[Excerpts from a dataset]
________________

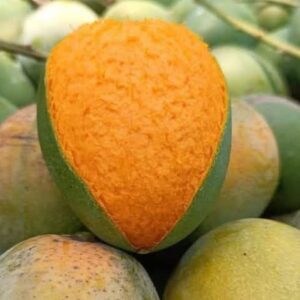 সাতক্ষীরার হিমসাগর আম -২০ কেজি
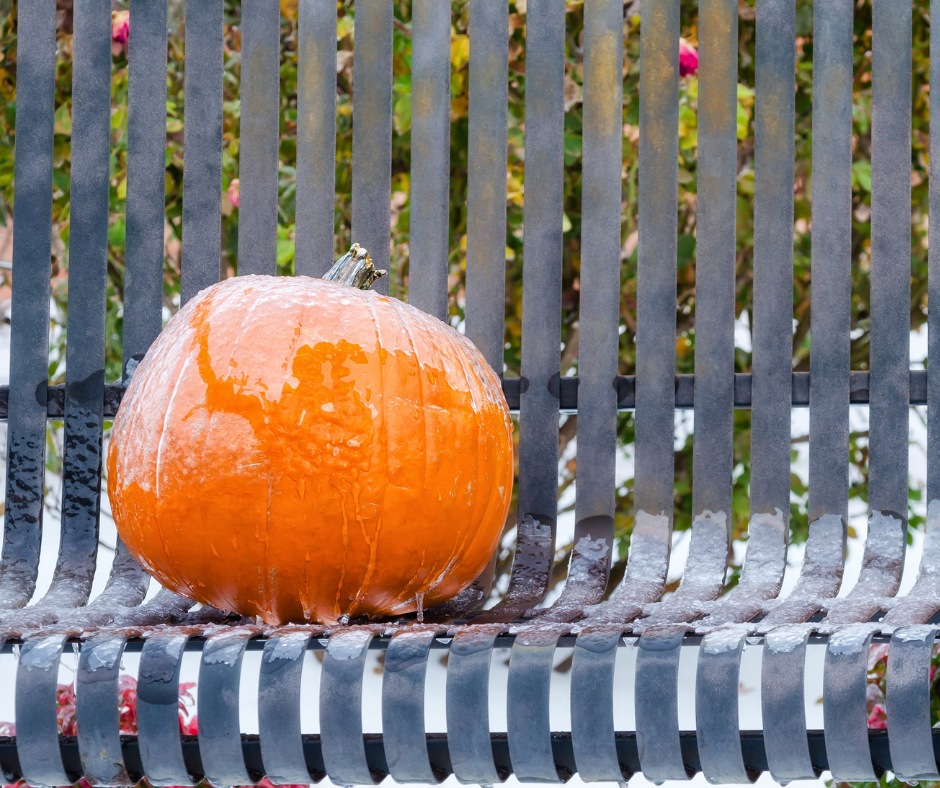 What to do in Quebec in November - November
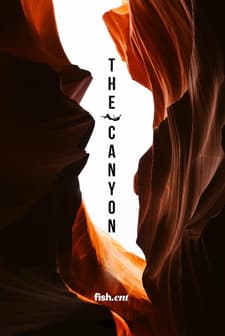 The Canyon afişi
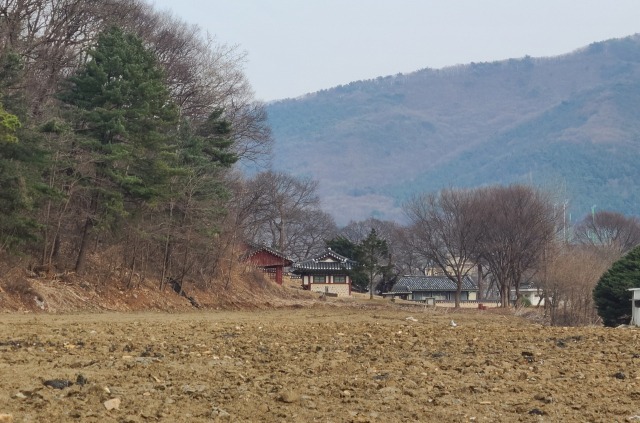 우계 성혼 선생 생가인 파주시 파평면 눌노리 죽우당과 우계서실 터가 사라질 위기에 놓이면서 문화재 파괴 논란이 일고 있다.사진은 우계서실 터로 추정되는 토지. 차문성 파주문화원 향토문화연구소장 제공
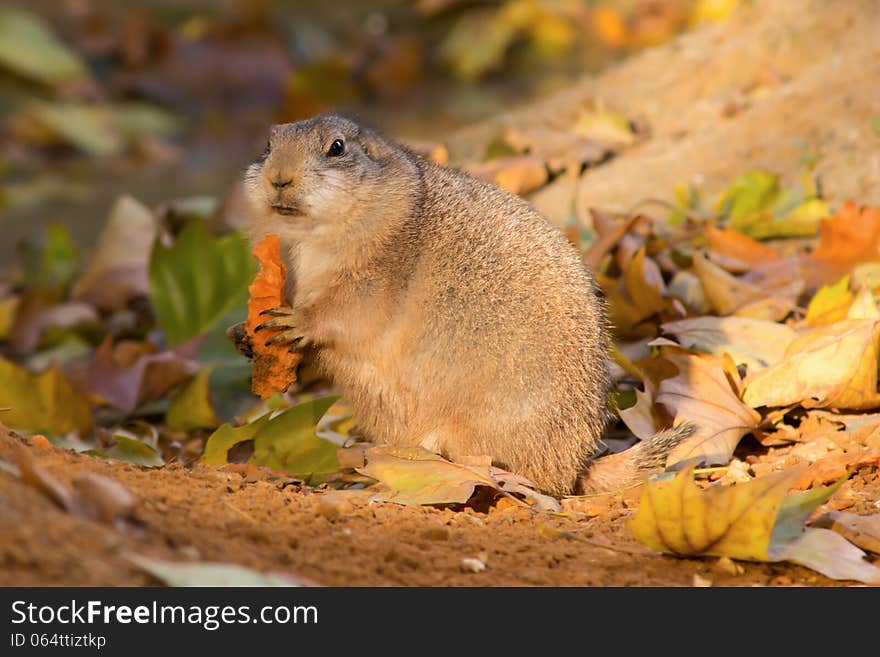 Cynomys Ludovicianus happily eating before winter sleep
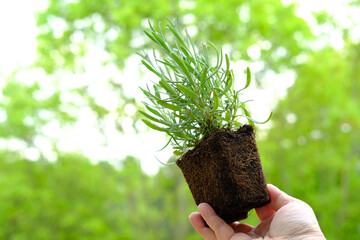 close-up of female hands transplant seedlings, young lavender plants, gardener in gloves holds...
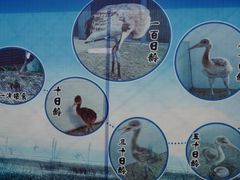 -盐城丹顶鹤湿地生态旅游区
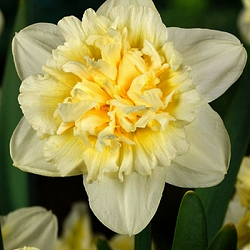 X 100 NARCISSUS ICE KING 12/14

________________

Each record should be quoted exactly, with the images omitted.

 সাতক্ষীরার হিমসাগর আম -২০ কেজি
 What to do in Quebec in November - November
 The Canyon afişi
 우계 성혼 선생 생가인 파주시 파평면 눌노리 죽우당과 우계서실 터가 사라질 위기에 놓이면서 문화재 파괴 논란이 일고 있다.사진은 우계서실 터로 추정되는 토지. 차문성 파주문화원 향토문화연구소장 제공
 Cynomys Ludovicianus happily eating before winter sleep
 close-up of female hands transplant seedlings, young lavender plants, gardener in gloves holds...
 -盐城丹顶鹤湿地生态旅游区
 X 100 NARCISSUS ICE KING 12/14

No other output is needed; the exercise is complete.